André Lévy-Lang analyse les relations entre l’essor des outils numériques et les innovations financières, pour décrypter les enjeux à venir pour le secteur bancaire et financier au XXIème siècle.

 

Dans cet ouvrage, André Lévy-Lang évoque les implications de la révolution numérique pour le secteur bancaire et financier. S’il remarque que la confiance est fondamentale tant dans le monde de la finance que dans celui de l’Internet, elle est davantage réglementée dans le premier cas, surtout depuis la crise financière de 2008, mais reste tacite dans le second, notamment via les sites que les consommateurs visitent et les applications qu’ils utilisent. Or il se produit un tournant aujourd’hui : les géants du high tech, les GAFAM (Google, Apple, Facebook, Amazon et Microsoft) en Occident, et les BATX (Baidu, Alibaba, Tencent et Xiaomi) en Chine, commencent à s’intéresser aux échanges monétaires et financiers, avec à la clé de gigantesques bouleversements à venir dans tout le système financier.

Dans la mesure où en 2019, plus d’un humain sur deux peut avoir accès à Internet, avec la diffusion rapide des smartphones en Inde et en Afrique, il est tout à fait notable que les Internautes consultent les pages web, véhiculent des informations, partagent leurs données en confiance, sans bien souvent prendre le temps de lire les conditions générales qui peuvent occuper plusieurs pages d’écran. Pour André Lévy-Lang, il pourrait dans le futur se produire un « choc des confiances » : si l’usage de la monnaie a depuis toujours reposé sur la confiance dans sa valeur, la progression exponentielle des réseaux sociaux et l’intérêt des grandes sociétés technologiques pour les services monétaires et les moyens de paiement, nécessitera que leurs gestionnaires fassent preuve d’un autocontrôle très strict sur la gestion de nos données privées, en l’absence de réels moyens de contrôle et de régulation qui pèsent sur eux aujourd’hui. Peut-on être sûr qu’ils s’y attelleront ?

 

Révolution numérique et révolution financière : des interactions multiples

Aujourd’hui selon André Lévy-Lang, « le monde des réseaux sociaux fait irruption dans le monde de la finance » : cette révolution touche tous les métiers de la banque et des marchés financiers, et met au défi les entreprises traditionnelles, banques, assurances et gérants de fonds, de s’adapter. Cela ne sera pas simple, et l’auteur rappelle la prophétie du rapport Nora-Minc de 1978 selon laquelle « la banque pourrait être la sidérurgie de demain » : pour éviter cela, et des destructions massives d’emplois, le secteur bancaire et financier devra accompagner avec doigté ce processus de « destruction créatrice » pour reprendre la formule de l’économiste Joseph Schumpeter.
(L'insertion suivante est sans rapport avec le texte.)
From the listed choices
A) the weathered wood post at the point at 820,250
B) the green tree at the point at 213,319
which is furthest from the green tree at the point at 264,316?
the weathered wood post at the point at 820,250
La révolution numérique va nécessiter une transformation profonde de l’industrie financière :  André Lévy-Lang revient dans son ouvrage sur l’histoire financière tumultueuse depuis les années 1970, de la chute du système monétaire de Bretton Woods en 1971, jusqu’à la grande crise financière de 2008 (et les réponses des banques centrales et des autorités publiques), en passant par le boom de la « nouvelle économie » des Technologies de l’informatisation et de la communication (TIC), puis le krach boursier de mars 2000. Depuis, la globalisation financière, avec l’explosion du volume des échanges financiers et la constitution d’un marché unique de l’argent à l’échelle mondiale, s’est naturellement appuyée sur l’informatisation et la robotisation d’un nombre croissant de transactions financières (avec le trading haute fréquence notamment). Les progrès technologiques ont aussi permis la sophistication grandissante de certains produits financiers (dérivés de crédit, produits de crédits structurés), et l’essor de mécanismes comme la titrisation. Mais il faut garder à l’esprit que cette complexité n’a pas empêché l’effondrement soudain de la confiance en 2008, avec le phénomène de panique boursière et les fortes inquiétudes sur la solidité du système bancaire.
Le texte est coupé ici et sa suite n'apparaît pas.